Arabic Voice Agent Architecture Guide
How to build a production Arabic voice agent with LiveKit, Deepgram, Groq, and ElevenLabs.
Arabic Voice Agent Architecture Guide
This guide covers the architecture we used to build a production Arabic voice agent for real estate. The stack: LiveKit for real-time communication, Deepgram Nova-3 for STT, Groq Llama 4 Maverick for the LLM, and ElevenLabs for TTS.
The Pipeline
Caller → LiveKit Room → Silero VAD → Deepgram Nova-3 (STT) → Groq Llama 4 (LLM) → ElevenLabs (TTS) → Caller
Each component adds latency.
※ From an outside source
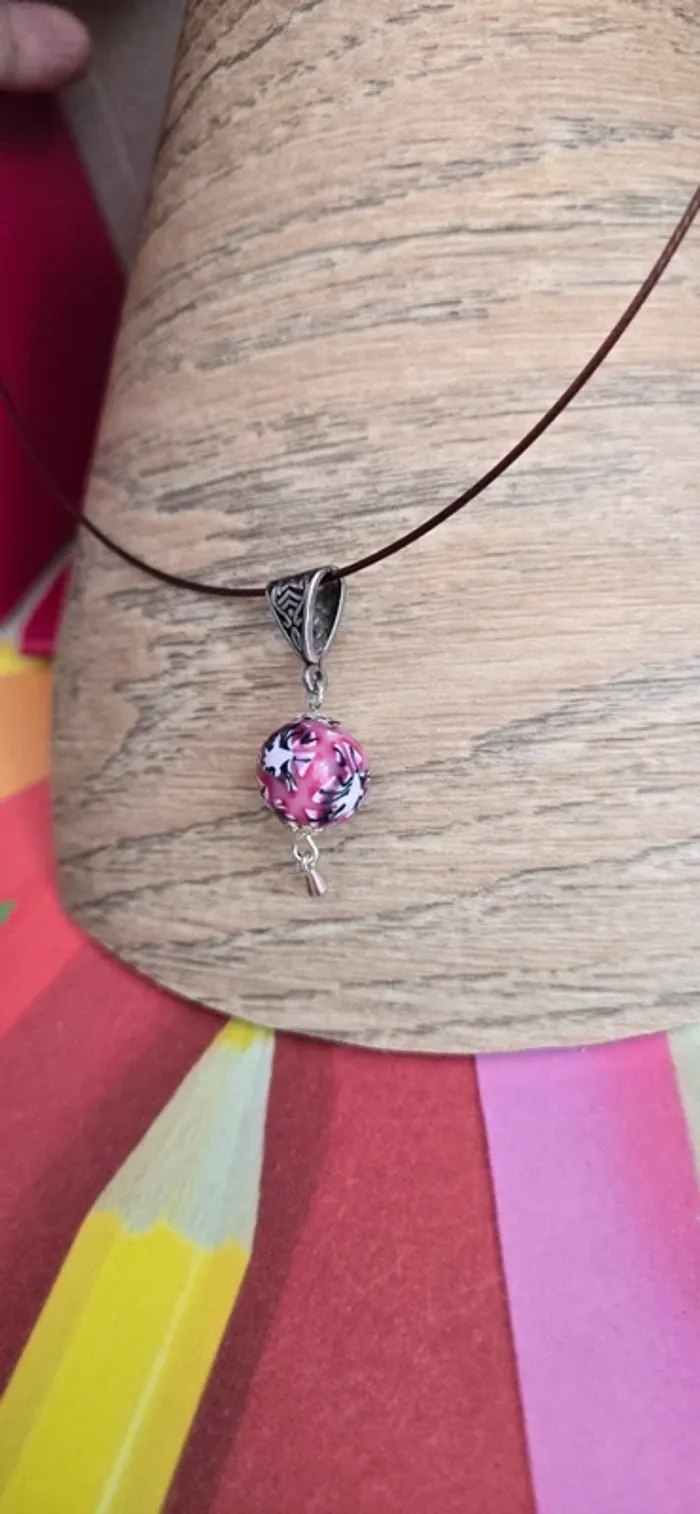 Collier perle multicolore violet fimo neuf - photo numéro 3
The goal is minimizing total turn time — the time from when the user stops speaking to when they hear the agent's response.
Component Selection
Voice Activity Detection: Silero VAD
VAD detects when the user starts and stops speaking. We use Silero VAD because:
- Free and open-source
- Lightweight (under 2MB model)
- Language-agnostic (works for Arabic)
- Integrated with LiveKit
Key learning: VAD tuning has diminishing returns. After aggressive tuning (50ms silence duration, 0.30 activation threshold), the bottleneck shifted to STT transcription time.
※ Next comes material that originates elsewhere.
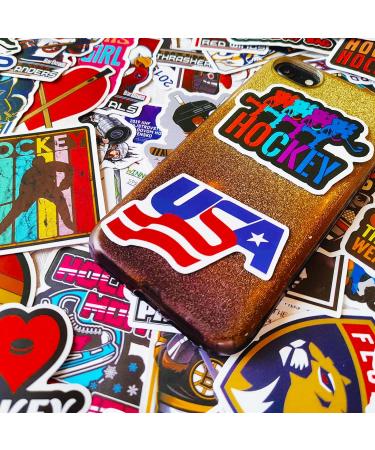 Hockey Stickers for Kids & Adults (100 pcs) | Waterproof Sports Vinyl Sticker Set for Laptop, Scrapbook | Re-Stickable Helmet, Luggage, Water Bottle Stickers by GlibertVillageGoods - Buy Online on GoSupps.com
Speech-to-Text: Deepgram Nova-3
After testing 8 providers, Deepgram Nova-3 won decisively:
- 424ms average EOU delay (75% faster than alternatives)
- Excellent Gulf Arabic quality
- LiveKit plugin for zero-config integration
- Streaming for real-time partial results
LLM: Groq Llama 4 Maverick
Groq's hardware-accelerated inference gives us the lowest time-to-first-token for the conversational LLM. Combined with streaming, responses begin playing while the model is still generating.
Text-to-Speech: ElevenLabs
ElevenLabs eleven_multilingual_v2 with the Sultan voice provides the most natural Arabic TTS. The streaming API means we can start playback as soon as the first audio chunk is ready.
Noise Cancellation: LiveKit BVC
Background Voice Cancellation cleans up the audio before it hits STT, improving transcription accuracy in noisy environments.
Latency Optimization
Total turn time = VAD detection + STT transcription + LLM inference + TTS generation
Our optimizations:
- Streaming everywhere: STT, LLM, and TTS all use streaming APIs
- Preemptive generation: Start LLM inference on partial STT results
- Aggressive VAD: Minimize silence detection delay
- Provider selection: Choose the fastest provider at each stage
Result: 787ms best-case full turn time with Deepgram Nova-3.
What's Next: End-to-End Voice Models
The cascade architecture (STT → LLM → TTS) has inherent latency from inter-stage hops. End-to-end models like GPT-4o Realtime and Ultravox could eliminate these hops entirely. We're evaluating:
- Ultravox: Audio-in, text-out (skips STT)
- GPT-4o Realtime: Audio-in, audio-out (no pipeline at all)
- Gemini 2.0 Flash: Native audio understanding
The key question: do these models handle Gulf Arabic as well as our current pipeline?